We departed Nablus to visit St. Photini, the Greek Orthodox Monastery. St Photini was the Samaritan woman at the well who Jesus asked for water. We drew water from Jacob’s Well and drank it. My stomach felt bubbly for some time. Then we departed for Taybeh. On the way, we stopped by at a bakery for tasty Kenafeh, regional cheese pastry soaked in sweet syrup. We had lunch in Taybeh and visited the winery where I bought a spice, sumac, instead of wine. Now back at home, I enjoy hummus, sprinkled, and drizzled over with the sumac and olive oil. We returned to St. George’s guest house, which was just as beautiful as the Sisters of Nazareth. We enjoyed dinner at the terrace garden in the cooling breeze of the evening. Cats strolled and slunk through the sunflowers and tall plants.

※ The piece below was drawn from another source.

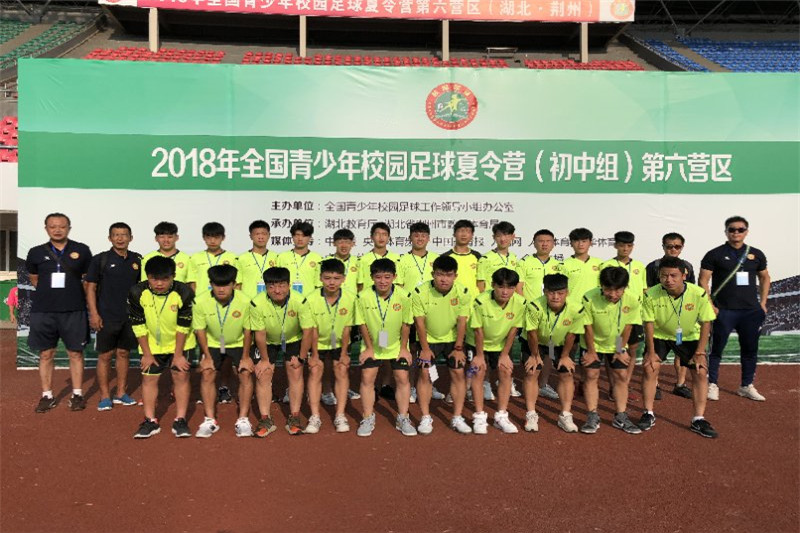 雅礼雨花中学代表队参加2018全国青少年校园足球夏令营
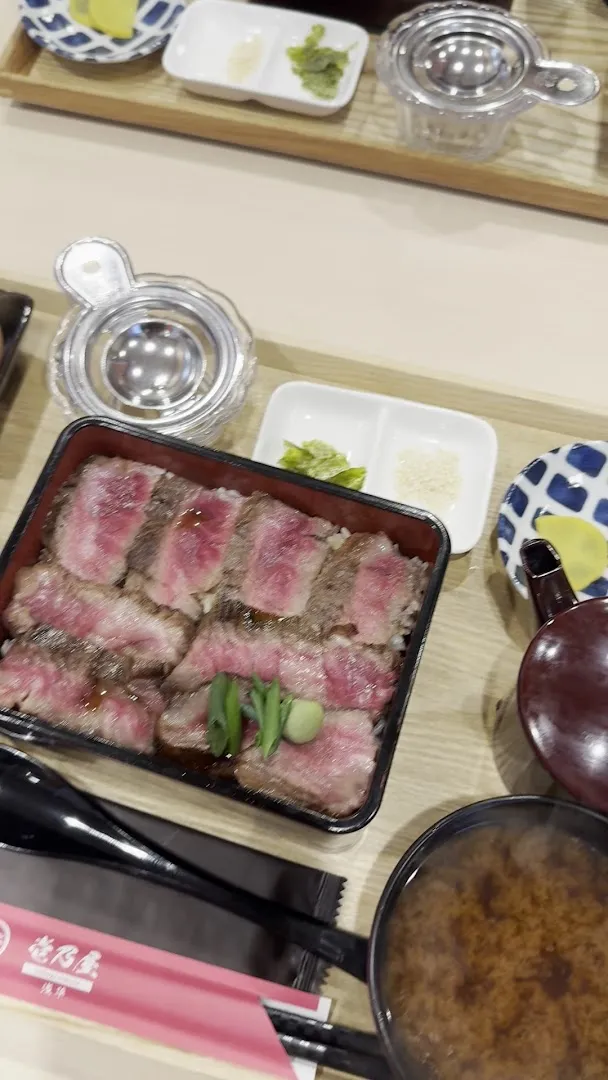 Wagyu Sukiyaki Ishinoya Asakusa foto 8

On Tuesday, we visited Shepherd’s Field, the First Century Cave Home, and The Church of the Nativity. It is the oldest church in Christendom, located in Manger Square, constructed by Constantine the Great in 326 AD.  We each lit a candle there. We stopped by at a shop in Bethlehem, where every item and artifacts had originated from the olive tree and olive oil. I bought various religious objects, including crosses, a ring, and an olive tree menorah for Ira to thank him for taking care of my plants.

On Wednesday, we visited the Garden of Gethsemane and touched the ancient olive trees in the garden, which could have witnessed Jesus, sweating blood in anticipation of the crucifixion. We meditated at the church, touching the stone slab where Jesus supposedly had prayed in anguish. I felt his sorrow there, and so did many other pilgrims.

The last day, Thursday, started around 5 AM.  We walked silently to the old city to pray the Stations of the Cross. A pilgrim carried the cross. Then we visited the empty tomb where I laid cross necklaces, a ring, and other objects, and rubbed them on the stone for blessing. I now wear the necklace and the ring as often as I can. We returned to St. George for breakfast, and after some time of relaxation, everyone left for Emmaus for the last communion. I had to miss it due to the plane schedule.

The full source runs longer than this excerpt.